## Raw data

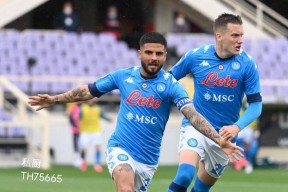威尼斯娱乐 -关于那不勒斯迎意甲关键赛；冲刺阶段迎来里程碑；底气十足；更衣室氛围转暖的信息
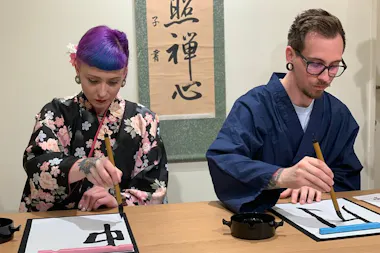 Calligraphy Lesson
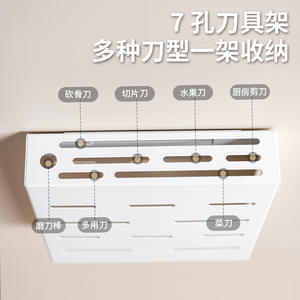 Estante de Almacenamiento de Cocina de Acero Inoxidable para Montar en la Pared, Rectangular, Sin Perforaciones, Portacuchillos, Organizador de Palillos, Estante Multifuncional - Product Image 2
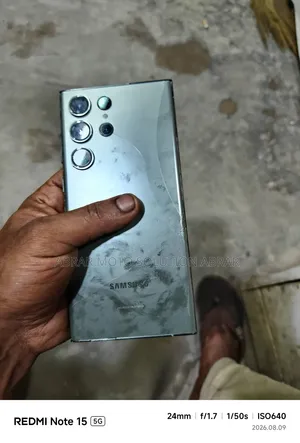 নিউ স্যামসাং গ্যালাক্সি এস২৩ আল্ট্রা ২৫৬ জিবি ব্ল্যাক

## Work request
Print the data again word for word, pictures excluded.

## Your solution
威尼斯娱乐 -关于那不勒斯迎意甲关键赛；冲刺阶段迎来里程碑；底气十足；更衣室氛围转暖的信息
 Calligraphy Lesson
 Estante de Almacenamiento de Cocina de Acero Inoxidable para Montar en la Pared, Rectangular, Sin Perforaciones, Portacuchillos, Organizador de Palillos, Estante Multifuncional - Product Image 2
 নিউ স্যামসাং গ্যালাক্সি এস২৩ আল্ট্রা ২৫৬ জিবি ব্ল্যাক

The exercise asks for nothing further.